Starting a fire with paper or cardboard
Starting a fire using paper or cardboard will often work. Still, one has to have the right kindling. Setting paper or even cardboard under logs will usually not work. If you have a limited supply of paper product, you had better make sure you do it right the first time. The risk with this method is the ashes that can fly into the air. If you are in a fire-sensitive zone, this method is not recommended. The hotter the fire produced, the higher and farther the cinders will fly. Overall, this method is not recommended. If you need to use paper, wad it into a ball and cover it with kindling before lighting it. Paper wadded into a ball will burn longer and be less likely to fly away. Be sure you don't take to long while using this method as it creates a lot of smoke. This can quickly anger your fellow campers who are sitting around watching you work.
Starting a fire with dry leaves
Dry leaves can often work but are one of the most hazardous of the ignition methods. Burning leaves fly up from a fire with more ease than any other material. If you must use leaves, cover them with a good “cage” of kindling. This method also has the drawback of not always working. Some leaves burn better than others. If a leaf has been on the ground too long it has begun to decompose and will not burn well. Pine needles burn well because of their sap but are another fire-safety menace. They often burn all too well, creating intense heat; more than most people anticipate, especially fellow campers leaning over your shoulder to critique your work. Proceed with caution when using leaves.
Starting a fire with twigs
If you can start a fire with twigs, you have earned my respect. Starting fires with twigs is probably the best way to do it. Start with twigs that are as small as a stir straw for your coffee. Build the kindling upward using larger and larger sticks. You can start a fire successfully by using sticks no larger than one half inch to one inch in diameter. Any bigger and you might be getting ahead of yourself. Once the flames are going well, add larger and larger sticks until logs are the logical next step. If you put the logs on too soon, you might wish you had brought up politics or religion with your friends instead.

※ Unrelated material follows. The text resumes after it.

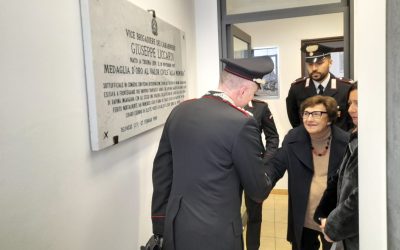 Enna, i carabinieri rendono onore alla memoria del carabiniere Giuseppe Liccardi, originario di Troina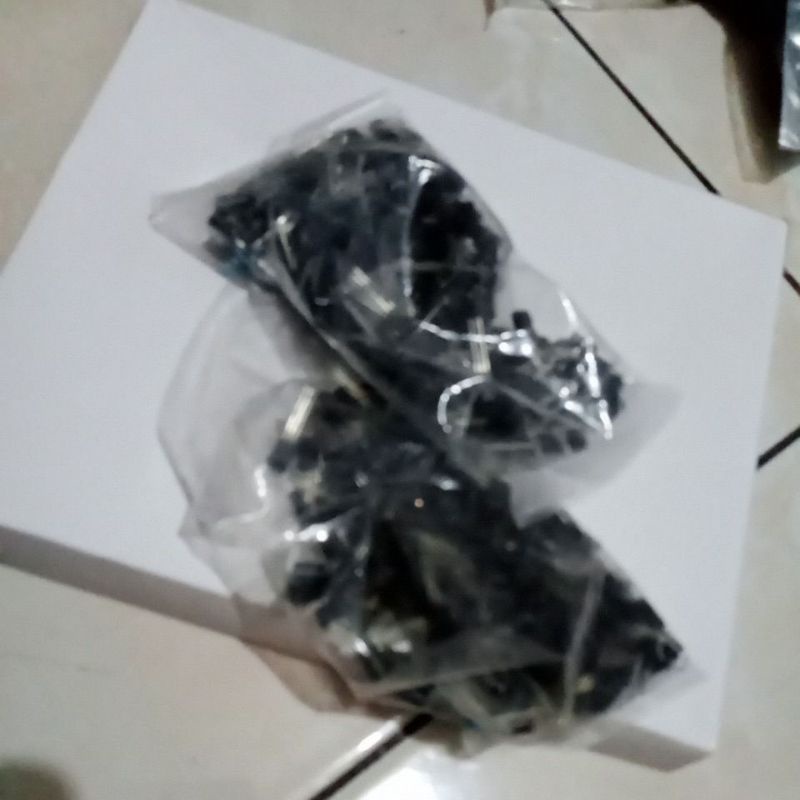 TRANSISTOR A684 TRANSISTOR 2SA684 A 684 TRANSISTOR 2SA 684 | Shopee ...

The art of kindling your fire
Many fires-starters have failed due to poor kindling know-how. Simply throwing the sticks down will rarely do. The best method has proven to be the “teepee.” Arrange your sticks, no matter how small, into the shape of a teepee. If they fall down, fix them. You cannot show off your one-match-only routine if you don’t have the right set up. When you have a teepee built up into sticks of no more than an inch across, it’s time to light your fire. If this is your first time, you probably forgot to leave one side open for your hand to access the tiny, central twigs. If so, you might want to fix your teepee.
The one-match fire master
If you have mastered your fire-starting skills, you should be able to start your fire using no man made products other than a match. A true master can do it with just one match. Success with this technique can stifle even the harshest critic.
Starting a fire with a bow or other archaic means
For this method of fire-starting you need lots of patience and lots of calluses on your hands. I would only recommend this method to those who want to prove themselves or who are about to die of cold.
This essay on starting fires is not intended to contain professional fire safety advice. Consult a park official or written fire safety guides as verified sources for information on outdoor fire safety.